Mucho se ha discutido si esta canción es un corrido, porque los estudiosos del género dicen que un corrido debe seguir las formas del romance español, es decir que deben ser cuartetas de versos octosílabos, con rima asonante en los pares. Sin embargo, no es extraño que hoy, los narco-corridos estén compuestos en versos decasílabos sin importar el carácter de las rimas. El corrido ha servido de juglar desde la Edad Media, y en el caso de México, ha servido para relatar noticias, difundir tragedias, y sobre todo para ver la historia desde el punto de vista cotidiano, es decir, con el toque irónico que muchas veces caracteriza a la nota roja:

Entre las diez y las once,
Juana se puso a pensar:
“Voy a matar mi marido
para salirme a pasear”.

Luego que ya lo mató
se agachaba y le decía:
“Ya te moristes, José,
lucero del alma mía”.
(“Juana Matamaridos”)

Los toreros, los revolucionarios, los accidentes, los bandoleros, los narcos, los que asesinan por amor, los fusilados, los aparecidos, los terremotos, las epidemias, las autoviudas, los perseguidos, los migrantes, los caballos, el petróleo, los boxeadores, los agraristas y finalmente los ovnis, han inspirado miles de corridos. No hay que dejar de decir que prácticamente no hay fenómeno social o hecho histórico de México que no haya sido registrado por un corrido. Cuando llegan a los pueblos, a las plazas o a los mercados, los cantores piden permiso para empezar a cantar y no se despiden sin dejar una moraleja o una enseñanza, con la promesa de volver, ya que mientras haya muertos, revoluciones o tragedias, continuarán cantándose corridos: “Yo les digo a mis amigos, / vámonos acomodando, / que si se siguen matando, / corridos sigo arreglando”.



II.



La jarana

En Yucatán, pasa lo mismo que con los jarabes del altiplano: se combinan en bailes más complejos, los cuales se ejecutan de manera alegre y desenfadada en los festejos populares. La orquesta es particularmente alegre, y por lo general está integrada por dos clarinetes, dos trompetas, dos trombones, güiro y timbales. Sobre su origen, varios musicólogos han notado que este baile tiene influencia del zapateado español que llegó a esa región desde el siglo XVII. Como haya sido, la jarana es un baile importante para el pueblo yucateco porque es una manera en que los mayas de la península hicieron suya la música española que se bailaba en las haciendas. Es además parte de su historia, pues del siglo XIX data una pieza llamada El degollete, que se cantaba en la Guerra de Castas (comenzada en 1847), la cual enarbolaron los mayas contra los criollos. Así que la jarana, a pesar de ser de origen completamente español se ha vuelto parte de la identidad maya. Se acostumbra bailar con los brazos a los lados y la espalda completamente erguida, aun cuando también tiene sus complicaciones, como puede verse en el típico “baile del almud”. Se llama así porque el danzante se pone una botella en la cabeza y comienza a bailar sobre un almud, es decir sobre una caja que se usaba antiguamente para medir semillas. Hoy su uso está restringido sólo para bailar sobre ella. La jarana es un baile prácticamente hecho para las piernas, pues los brazos quedan a los lados salvo cuando hay que levantarlos para tronar los dedos, como en el zapateado español.

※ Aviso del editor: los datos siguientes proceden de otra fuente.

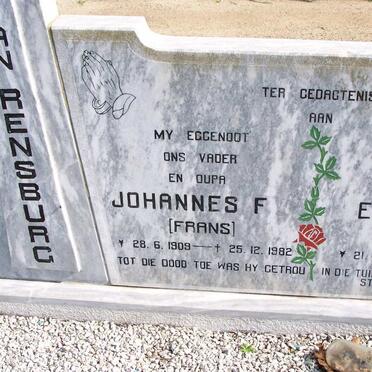 RENSBURG Johannes F., van 1909-1982 &amp; Edith Ellen 1905-1987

Como se sabe, el grito de ¡bomba! sirve para anunciar que la música se detendrá por un instante y que uno de los bailadores recitará una pequeña estrofa de amor o de humor. Jesús Amaro Gamboa, especialista en la cultura yucateca, explica que ¡bomba! se usó originalmente para avisar que una carga de dinamita estaba a punto de explotar mientras se hacían trabajos de excavación, y para que así la gente corriera a resguardarse de una piedra aventada al aire. Hoy, el grito de ¡bomba! es mucho más festivo y, como dijimos, anticipa una estrofa, como ésta, bella por sencilla, del poeta Élmer Llanes Marín:

Quisiera ser la medalla
de tu cadena de oro
para estar sobre tu pecho
y decirte que te adoro.

Es común que muchas de las coplas se valgan del maya, como puede verse en el siguiente caso:

P’urux Dzoncauich,
nacido en Tahmek’,
es un pobre uinik’
con cara de pek’.
Y siendo aún dziriz,
su Tata don Sos,
lo dejó k’oliz
de tanto uazk’op.

Que significa lo siguiente:

El panzón Dzoncauich,
nacido en Tahmek’,
es un pobre hombre
con cara de perro.
Y siendo aún niño,
su Tata don Sos,
lo dejó pelón
de tanto pescozón.

Acerca de la jarana, hay varias precisiones que hace el profesor Amaro Gamboa en su Vocabulario del uayeísmo en la cultura de Yucatán (1985); en primer lugar, que las jaranas cantadas son las que se bailan, y las que sólo son instrumentales son para escucharse; en segundo, que las jaranas en ritmo de 3/4 –más lentas– se zapatean y las que están en 6/8 –más rápidas– se guapachean (es decir, que se bailan con las piernas extendidas y haciendo una especie de arco). Además, “los bailadores de jarana no deben de usar el paliacate rojo colgando de la cintura, y deben de usar alpargatas. Las bailadoras deben de usar sombrero y banda con zapatos bordados, de raso; jamás usar rebozo al bailar”. Por otra parte, si el baile es de día, se llama vaquería y, si es de noche, se llama jarana. La diferencia es que la vaquería es la fiesta para herrar el ganado, por lo que el traje de vaquero de las mujeres tiene sentido sólo en la mañana.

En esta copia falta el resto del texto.